Quatro questões podem ser colocadas sobre o desgoverno do Governo – O Executivo não avança com o processo porque não consegue negociar face à nova configuração partidária; O Governo não concretiza as nomeações ou eleições porque não sabe o que pretende para o país; o Executivo não resolve o impasse porque o impasse o favorece; O Governo não completa o elenco da República porque ainda não encontrou a forma de garantir o domínio da República em regime de minoria absoluta. Na política da cadeira vazia instala-se o Executivo que passa a dominar o vazio político com a naturalidade própria de um país perto da esplanada de um bar enquanto circulam pássaros estúpidos a esvoaçar.

Por incompetência ou intenção, o Governo pratica uma secular técnica da governação política nacional – a melhor forma para resolver os problemas intratáveis é guardá-los na gaveta, introduzir uma pausa técnica e os assuntos que pareciam impossíveis aparecem resolvidos. É a política em modo de pensamento mágico. Mas o que se exige de um Governo é que execute uma política que resolva os problemas. O que se exige de um Executivo é que produza decisões com autoridade ou em diálogo, que injecte no país leis aprovadas ou despachos comprovados, que defina regras, procedimentos, prioridades. O que não é politicamente aceitável é que os problemas se eternizem por omissão e falta de acção até atingirem a frescura de um pântano insustentável. “O Governo não está a prestar atenção, não responde a tempo, perdeu autoridade, é incapaz de manter a disciplina, não detecta a causa dos problemas e não inicia um processo de alteração dos sistemas instalados”. É a política que não quer lançar crianças no mundo enquanto adora o riso das crianças dos outros.

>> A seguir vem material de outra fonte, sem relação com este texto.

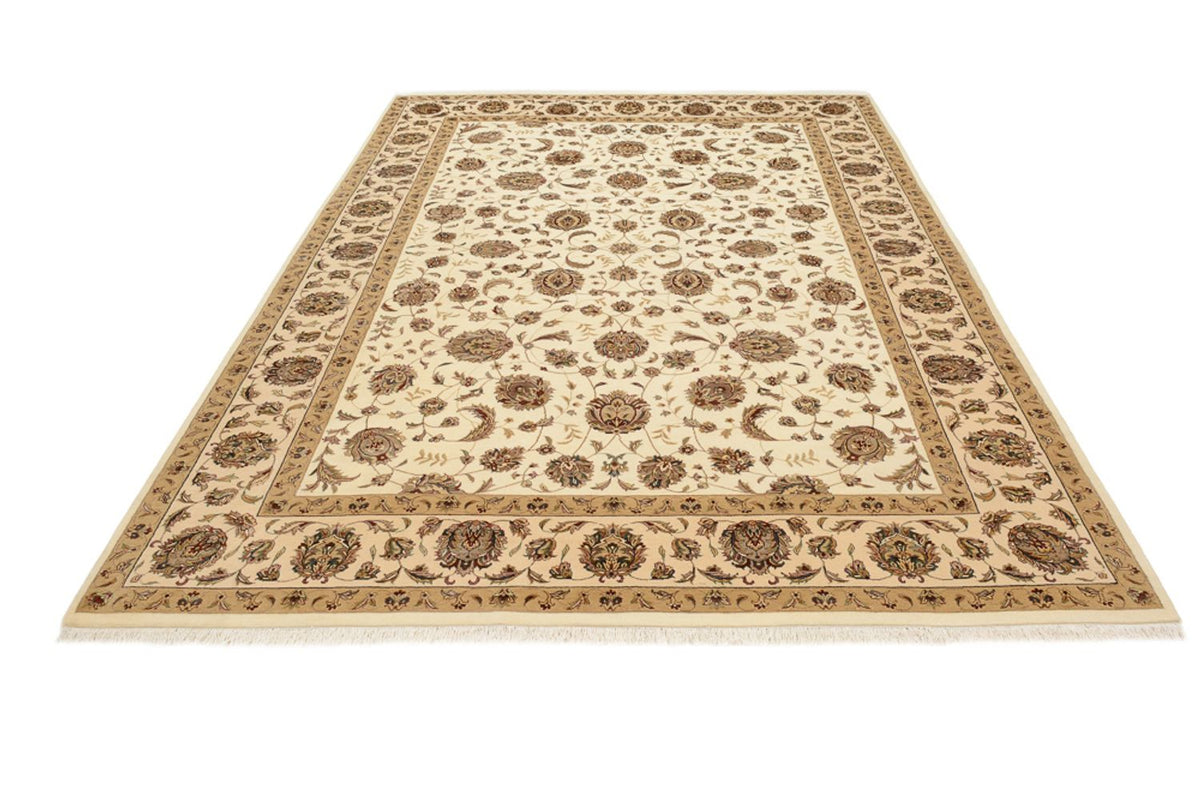 Alfombra oriental - Tabriz - 241 x 167 cm - beige claro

O PS não é imune ao impasse. Suportado pelo moralismo de um fundador da República, o partido exige uma representatividade excessiva relativamente ao seu peso eleitoral, mas nunca estranha às suas prerrogativas democráticas. O foco do privilégio centra-se no Tribunal Constitucional, o coração cansado de um pacto ameaçado pela contabilidade dos votos. O Chega não é inocente no suspense da novela. O Chega que despreza a Constituição, o Chega que afirma que quem respeita as decisões do Tribunal Constitucional são “políticos cobardes”, o Chega fundador da 4ª República sonha com a autoridade de uma cadeira no velho Palácio Ratton. Parece que ao Chega sobra peso eleitoral, mas faltam as tais prerrogativas democráticas. O Chega adora cães de pernas para o ar e todos os bichos-do-mato. O Chega é o último moralista da Velha República e o primeiro moralista da Nova República.

O que fica bem visível aos olhos dos portugueses é a natureza eminentemente política do Tribunal Constitucional, espécie de casa das máquinas de uma República com ciclos à esquerda e contraciclos à direita.

O Presidente da República está em silêncio público e em conversações privadas. Os juízes do Tribunal Constitucional não podem ter nomeações vitalícias. Os juízes do Tribunal Constitucional não podem ser escolhidos por sorteio. Logo sobra a circulação interna dos juízes em consonância com o peso relativo das forças políticas dominantes no exercício de um qualquer equilíbrio democrático. Efectivamente, a democracia portuguesa gosta da aparência imponente ou equívoca.

A democracia portuguesa adora a cidade e o campo e as árvores e as flores e o dia dos perfeitos amores. Imagino a República representada num vídeo panorâmico feito a partir de um drone e ao estilo do Trend da Rocinha. A transparência do Regime a partir das Portas do Céu com cadeiras vazias, o movimento constante entre gabinetes, as ruas repletas de portugueses mínimos e toda a potência, identidade e visão de futuro de um Portugal idealizado e a cores.